The University of Bristol said that despite clear government extra funding incentives to admit disadvantaged pupils, very few schools (just 5%) prioritised them in the admissions process.
Recent analysis has shown grammar schools are failing to make it easier for children from the poorest households to get a place. Similarly, this report found grammar schools that gave priority to pupils from households in receipt of welfare benefits, and therefore eligible for the Pupil Premium, are no more socially inclusive than those that don’t, as the priority is conditional on the pupil’s score in an academic test.
Apart from meeting legal obligations, having a sibling already at the school was the most common criterion, with 96% adopting this rule. Geographical location, including catchment areas and distance or travel time from home to school, was also widely used – by 88% of schools.
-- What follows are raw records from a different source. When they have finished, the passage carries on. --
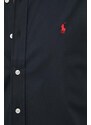 Košile Polo Ralph Lauren pánská, černá barva, regular, s límečkem button-down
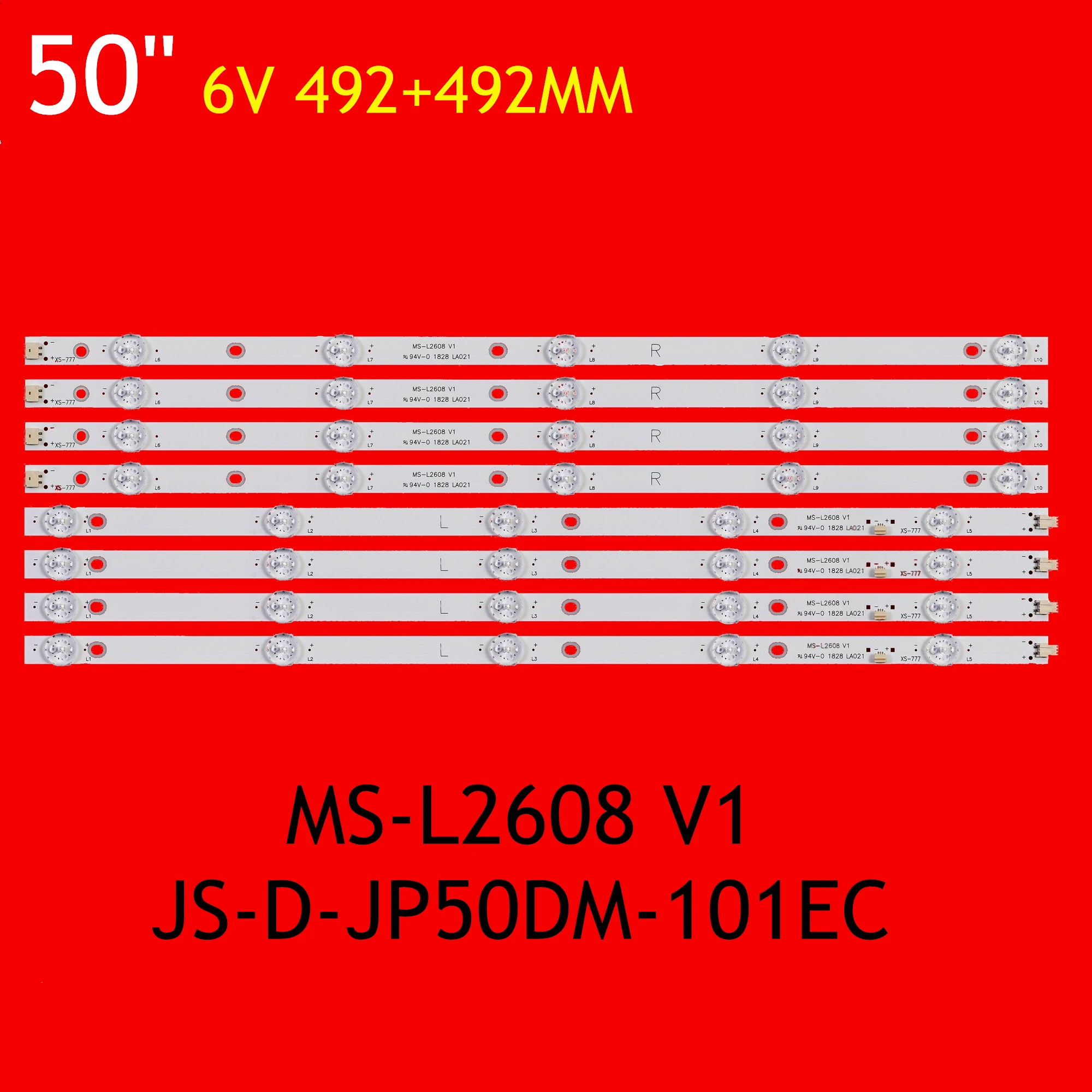 LED Backlight Strip for RC50B19S-4KSM K50DLJ10US K50DLJ11US eiQ-50UHDT2SMH E50DM1000/FHD E50DM1000/UHD D50-M30 MS-L2608 V1 V2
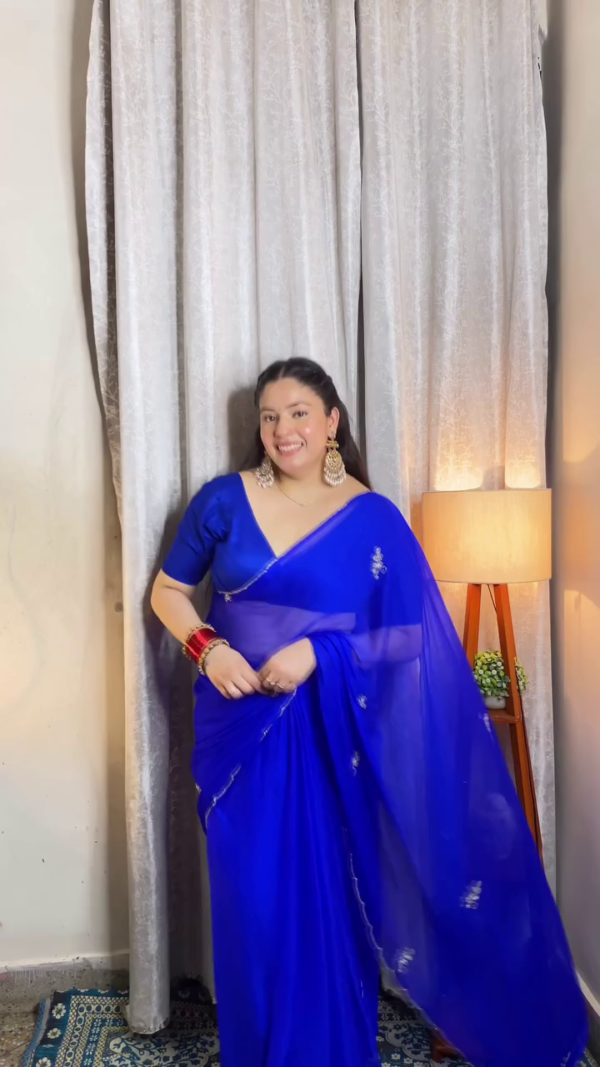 Royal Blue Sheer Saree
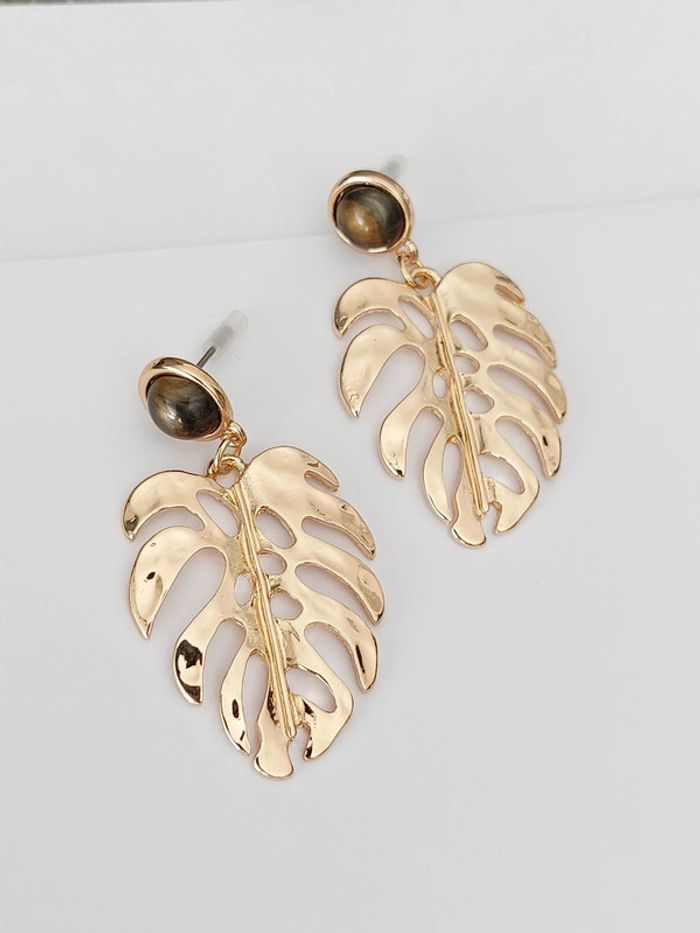 Paire de boucles d'oreilles pendantes - feuille doré - acier inoxydable - neuves 🌴 - photo numéro 5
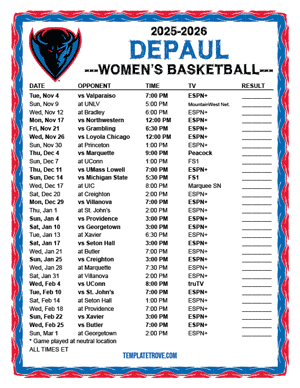 2024-25 Printable DePaul Blue Demons Women's Basketball Schedule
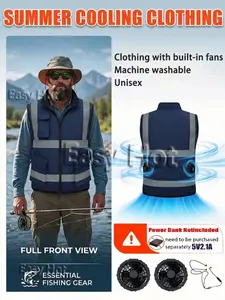 Summer Fan Cooling Reflective Vest, Night Outdoor Work Vest, Fishing Jacket, 2 Fans, Adjustable Cord, Unisex, 3 Colors, Camping, Indoor Use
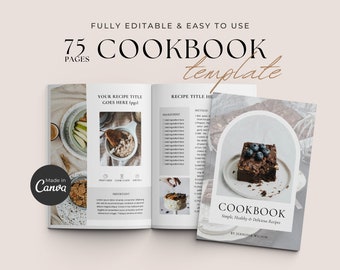 Cookbook Template | Recipe Book Template | Cook Book Template | Recipe Template | Canva Templates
In tie-break cases where would-be pupils met the same criteria, how close they lived to the school was typically found to be given precedence. The few grammar schools plus some other schools (11% in total) use academic tests to determine admissions, while very few schools (1%) use a random allocation as the tie-breaker.
Co-author Dr Ellen Greaves, who completed a PhD on the economics of school choice at the University of Bristol, said: “As schools achieving the strongest outcomes for pupils are more likely to be oversubscribed, they have the power to devise entry systems to choose who attends.
“Picking pupils according to where they live can mean students from the poorest families are assigned to the least effective schools. Top-performing schools get to indirectly select pupils from affluent households in the vicinity, effectively freezing out those less fortunate and hindering social mobility.”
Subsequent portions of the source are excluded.